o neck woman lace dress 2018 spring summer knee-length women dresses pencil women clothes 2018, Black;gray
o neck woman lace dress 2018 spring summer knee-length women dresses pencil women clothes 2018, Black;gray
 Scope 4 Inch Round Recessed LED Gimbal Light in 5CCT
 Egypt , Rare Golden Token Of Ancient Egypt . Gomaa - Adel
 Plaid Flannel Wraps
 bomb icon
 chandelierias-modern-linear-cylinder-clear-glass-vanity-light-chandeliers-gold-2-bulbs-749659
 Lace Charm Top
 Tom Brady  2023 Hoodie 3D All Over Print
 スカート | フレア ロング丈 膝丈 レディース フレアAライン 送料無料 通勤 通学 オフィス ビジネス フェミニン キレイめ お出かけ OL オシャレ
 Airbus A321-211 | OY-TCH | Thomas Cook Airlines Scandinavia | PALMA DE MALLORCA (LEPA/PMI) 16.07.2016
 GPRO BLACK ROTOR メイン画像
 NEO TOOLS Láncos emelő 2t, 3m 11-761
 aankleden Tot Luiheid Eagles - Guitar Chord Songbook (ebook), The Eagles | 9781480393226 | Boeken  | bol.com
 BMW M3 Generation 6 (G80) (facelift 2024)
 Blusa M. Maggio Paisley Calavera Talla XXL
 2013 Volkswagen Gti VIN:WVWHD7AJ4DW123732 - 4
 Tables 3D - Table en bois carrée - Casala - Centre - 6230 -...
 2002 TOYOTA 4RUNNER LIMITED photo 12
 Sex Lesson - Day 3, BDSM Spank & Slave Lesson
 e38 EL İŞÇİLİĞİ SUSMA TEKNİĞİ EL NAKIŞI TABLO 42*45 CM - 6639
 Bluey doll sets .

-*-*-

- What the task requires: Give an exact copy of the lines from the one with "All Over Print" through the end of the entries, both ends included.

- Reply to the task:
 Tom Brady  2023 Hoodie 3D All Over Print
 スカート | フレア ロング丈 膝丈 レディース フレアAライン 送料無料 通勤 通学 オフィス ビジネス フェミニン キレイめ お出かけ OL オシャレ
 Airbus A321-211 | OY-TCH | Thomas Cook Airlines Scandinavia | PALMA DE MALLORCA (LEPA/PMI) 16.07.2016
 GPRO BLACK ROTOR メイン画像
 NEO TOOLS Láncos emelő 2t, 3m 11-761
 aankleden Tot Luiheid Eagles - Guitar Chord Songbook (ebook), The Eagles | 9781480393226 | Boeken  | bol.com
 BMW M3 Generation 6 (G80) (facelift 2024)
 Blusa M. Maggio Paisley Calavera Talla XXL
 2013 Volkswagen Gti VIN:WVWHD7AJ4DW123732 - 4
 Tables 3D - Table en bois carrée - Casala - Centre - 6230 -...
 2002 TOYOTA 4RUNNER LIMITED photo 12
 Sex Lesson - Day 3, BDSM Spank & Slave Lesson
 e38 EL İŞÇİLİĞİ SUSMA TEKNİĞİ EL NAKIŞI TABLO 42*45 CM - 6639
 Bluey doll sets .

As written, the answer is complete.